Two important features characterize the role of the Arab Gulf States (GCC) in the Middle East in the current phase of the history of the region. The first is that the region is obviously going through a transition. The second is that these States are also going through a transition. The assumption that either can play the role of the anchor that could stabilize the other in a sustained way is at best doubtful.
At the last GCC summit in Doha, there was an agreement to form an effective joint force to enhance the region’s immunity from ISIL or Al Qaeda subversive or any other attacks. The decision was the logical extension of the more assertive role in the region that the GCC started to play a couple of years ago. Reports in the GCC capitals and Cairo indicated a possible role for Egypt’s military forces. Yet, the stability of Egypt, while more improved than what it was 3 or 4 years ago, is still an open question.
In theory, Egypt’s military role in the Arab Peninsula is a plus in security terms. But the Egyptian military is now bearing the responsibility of running that country. This role does not come without a price in popular support or institutional cohesion. The proposed Arab Peninsula role of Egyptian military forces should be carefully examined from all angles. This is not to say that the Egyptians should not play that role, but the fact is, considering the internal situation in Egypt, it may be a little too early.
The “independent” regional line emerging in the GCC is an outcome of deep suspicions and disappointments with the US regional policies. It is a magnified, collectivized and main-streamed Qatari concept of enhancing own security and relative weight through assertive regional policies. It reflects a specific stance: “we should do it ourselves because the Americans will not do it. And if they do it, it will be to serve their own interests even if it threatens us”. In a broader sense, this a reflection of an evolving global realignments and continuous change in relative weights and interests. It is an objective trend that should be shaped and influenced by all means.
The other regional anchor, that is Saudi Arabia, is also open to many changes that are difficult to predict. King Abdullah (90 years old) will not live forever. The powerful Minister of Interior, Prince Mohamed ben Naïf, who was on an official visit to Washington in the first week of December to discuss the joint force among other things, is facing quite some opposition to his uphill ascendance to the throne. A complex set of rules applied within the Saudi Royal family makes the competition the foremost source of concern to those who understand the crucial role of Saudi Arabia in stabilizing the region. While ben Naïf is gaining traction back home (the clout of the powerful Chief of Staff of the Royal Court Khaled Al Twaijery is rapidly diminishing), it will be a mistake to underestimate Naïf’s competitors.

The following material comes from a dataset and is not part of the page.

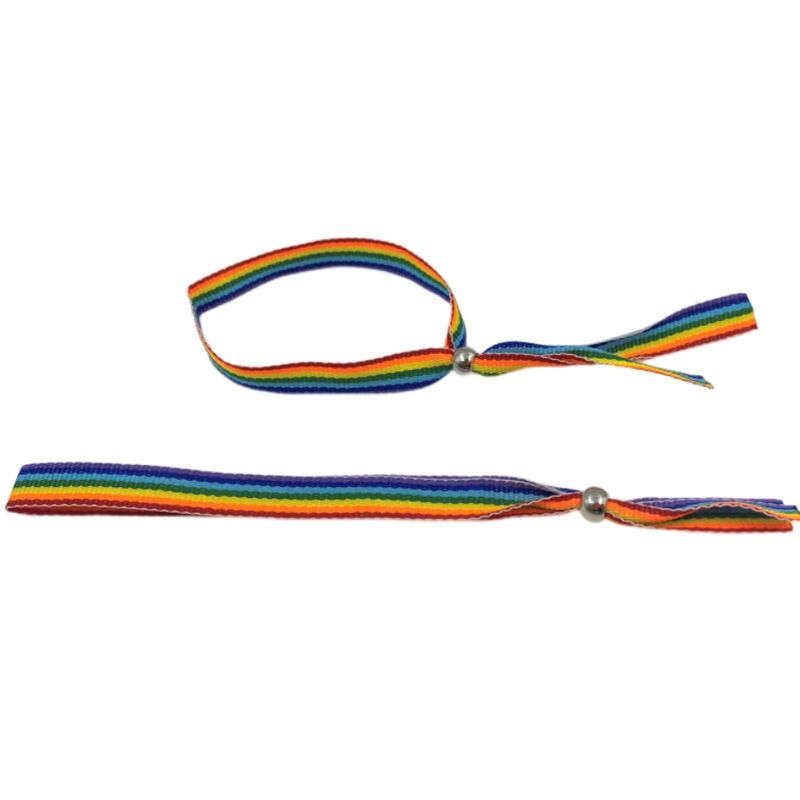 PRIDE - SILVER BEAD BRACELET WITH LGBT FLAG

His brother just lost his post as governor of the security sensitive East Province.
Stability in Saudi Arabia, as in any other Arab state, is primarily a function of the domestic situation, not any external threat. This makes the issue of a joint military force less important than the way it seems at surface. The similarity of Saudi Arabia to the Arab State in general does not stop here. Domestic conditions in almost all of them are a live testimony to the unsettled contradictions postponed by history for one reason or another. The inability to deal openly with the most persisting issues is the problem that affects them all.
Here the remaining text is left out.